Clanchy has been awarded the Political Writing Prize for Some Kids I Taught and What They Taught Me (Picador). It details a teacher's life spent in the state education system, and was described by the judging panel as "moving, funny and full of life", offering "sparkling insights into modern British society".
In her acceptance speech Clanchy said: “Schoolteachers are not taken seriously in so many different ways: not by politicians, not as intellectuals, and not as artists. So for this to win the prize for political writing as art means so much to me, and I hope it will mean something for other teachers too. This it is the prize, of all prizes, I would have wanted."

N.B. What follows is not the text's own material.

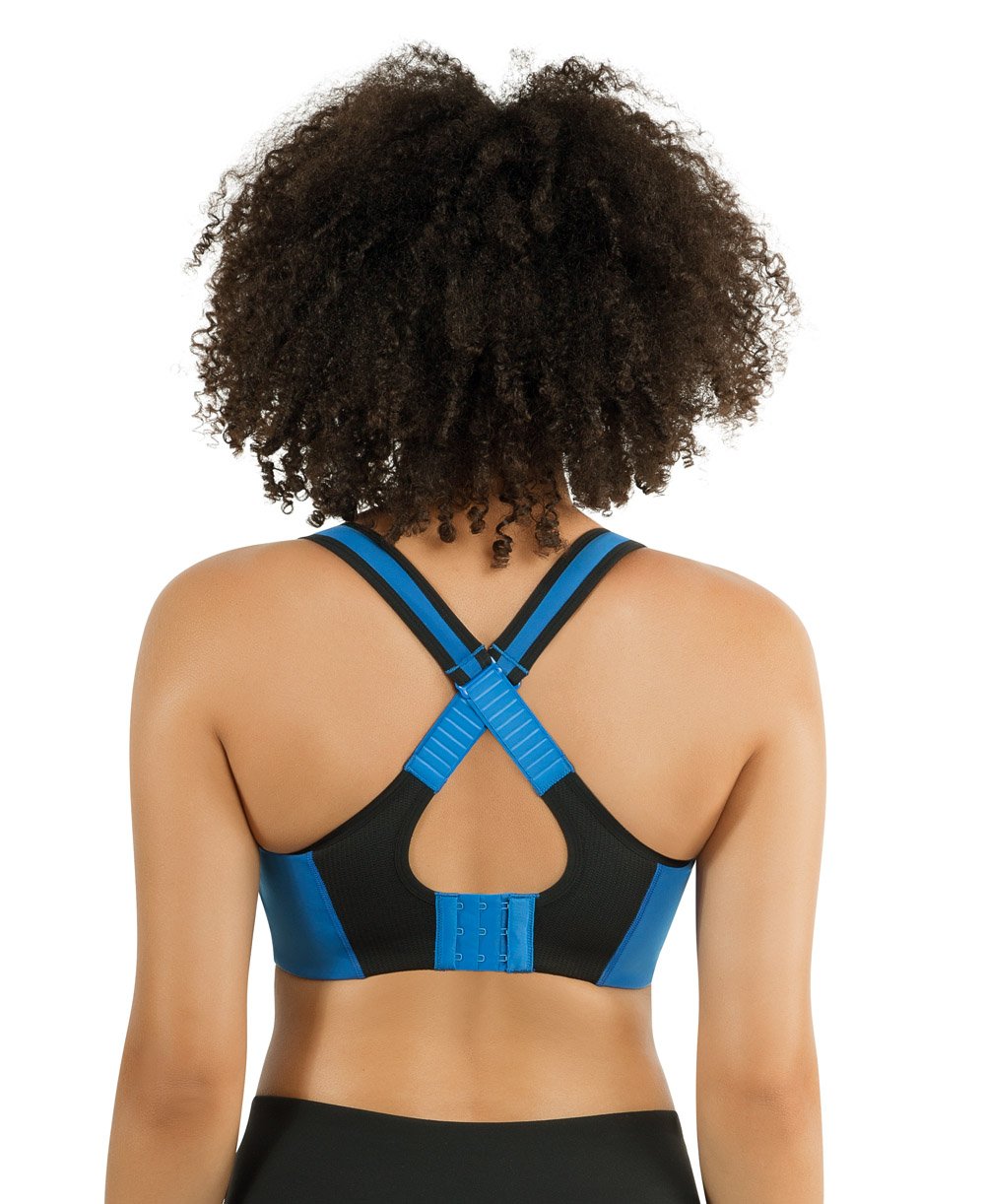 Parfait Bras Parfait Dynamic Padded Performance Sports Bra - Nautical Blue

Colson Whitehead received the prize for Political Fiction for the The Nickel Boys (Doubleday) a "devasting portrait of racial brutality and corruption" set in a segregated reform school in Florida. Accepting his award from New York, Colson said the story of abuse and power could happen "anywhere where the powerful can inflict their will upon the powerless, where there's a culture of impunity". Whitehead earlier won the Pulitzer Prize for the novel, making him only the fourth writer to ever win the prize twice.
This year's judging panel was comprised of director of the WOW foundation Jude Kelly, novelist Matthew Sperling, literary journalist and editor Sarah Shaffi and Tom Gatti, deputy editor of the New Statesman.
The authors accepted the award virtually and will each receive £3,000 and a trophy later in the year.
Last year's winners were Anna Burns and Patrick Radden Keefe.